The good news: one of my student loans is paid off, and it’s the one that had the highest interest rate (5%). The bad news: it wasn’t a very big loan to begin with, and most of my student loan debt is still outstanding—granted, at about the same interest rate than I get on the money in my ING Direct savings account, but it’s still out there.

Monday, 28 April 2008

Up now on The Soup

Kim Kardashian on doing a PSA about Burma (via Kerry Howley):

It’s an incredible story and I’m honored to have helped raise awareness about Burma’s plight. Over all it was a really fun and eye-opening experience!

As Joel McHale would say, she’s famous for having a big ass and a sex tape—not for having a high IQ.

Monday, 21 April 2008

It's all Bush's fault

If you can’t drive anywhere in New Orleans for the next two days, blame the convergence of presidents Bush and Calderón and Prime Minister Harper on New Orleans. Not that the traffic report websites have bothered warning people that you’re not going anywhere fast near I-10 or the central business district for the next day or so.

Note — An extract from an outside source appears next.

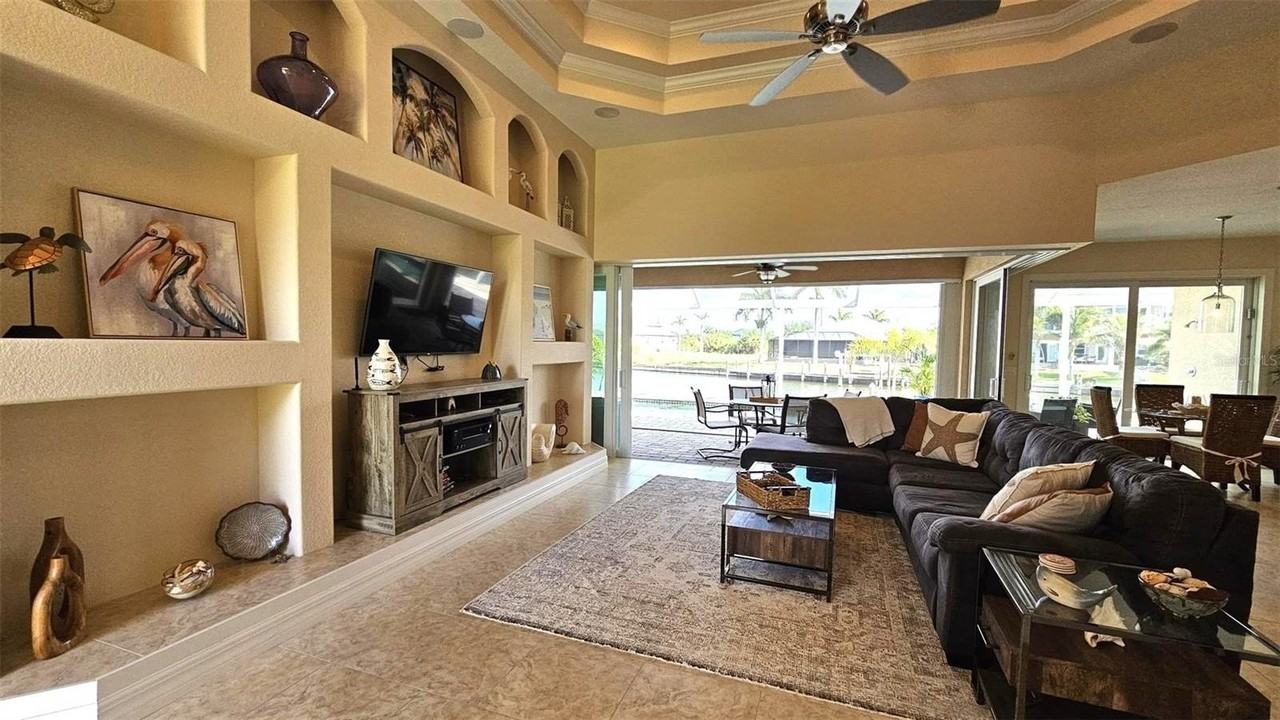 15506 Meacham Cir - Photo 6 of 50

I also blame the president for having to park farther away on St. Charles than I normally do this morning, even though it’s probably really just due to my arriving later than usual and the campus being crawling with admits checking out the university before forking over their parents’ hard-earned bucks to the Tulane Educational Fund.

Sunday, 20 April 2008

Disappearing acts

I lost my Bluetooth headset in my apartment last week and trying to find it is driving me crazy. I know exactly where I lost it and exactly when, and the odds of it being more than 10 feet from where I lost it are about zero, but still I can’t find the stupid thing.

My clip-on sunglasses and glasses case have also disappeared into the ether. I have rather less hope of finding them, but given that the clip-ons were less than $10 at Wal-Mart I’m less worried about them.

Update: I found the headset this afternoon—it had somehow ended up on a shelf of the bookcase my charger is on behind the books. And I replaced the clipons at the Wal-Mart in Elmwood this afternoon. All is now right in my world. Well, as right as ever.

Saturday, 12 April 2008

Future work

Where my next office will be, from a bird’s eye view. (For comparison purposes, here’s where I work now.)

Monday, 7 April 2008

The vapors

Longtime Signifying Nothing staple Margaret Soltan samples a recent export from Oxford, Mississippi. I can’t say that the shirtless men were of particular interest to me during my six years on campus, but I suppose the general sentiment is well-taken.

Friends, Romans, countrymen

My LinkedIn and Facebook self-questioning of the day: should I friend* people who I just know from the blogosophere or email? I generally don’t add people I haven’t had a significant interaction with (defined loosely as “a conversation I can remember” or “we consumed sufficient alcohol that we probably had a conversation I cannot remember any more” or “significant online interaction over time”), but maybe I should make more exceptions.

Similarly, Flickr’s new Find Your Friends feature turned up one of my friends who happens to live here but disappeared off the face of my planet (but not the planet, judging from recent photos) about a year ago—indeed much of the reason I came to Tulane instead of another job with a bit more job security in the Mid-Atlantic was because I figured I’d have at least one friend here. I apparently figured wrong… although Flickr now believes otherwise.

I also saw friends in Chicago—a few new ones, now added to Facebook, and a few old ones, either already there or too tragically hip to be there in the first place. Shoutouts in particular to SN readers Dirk, Jennifer, Nick, and Sara, and possibly some of my lurkers too embarrassed to fess up to reading the blog to my face.

* I assume it is now safe to use the word “friend” as a verb. (OS X 10.5’s version of The New Oxford American Dictionary says it’s ok… and actually a revitalized archaic form.)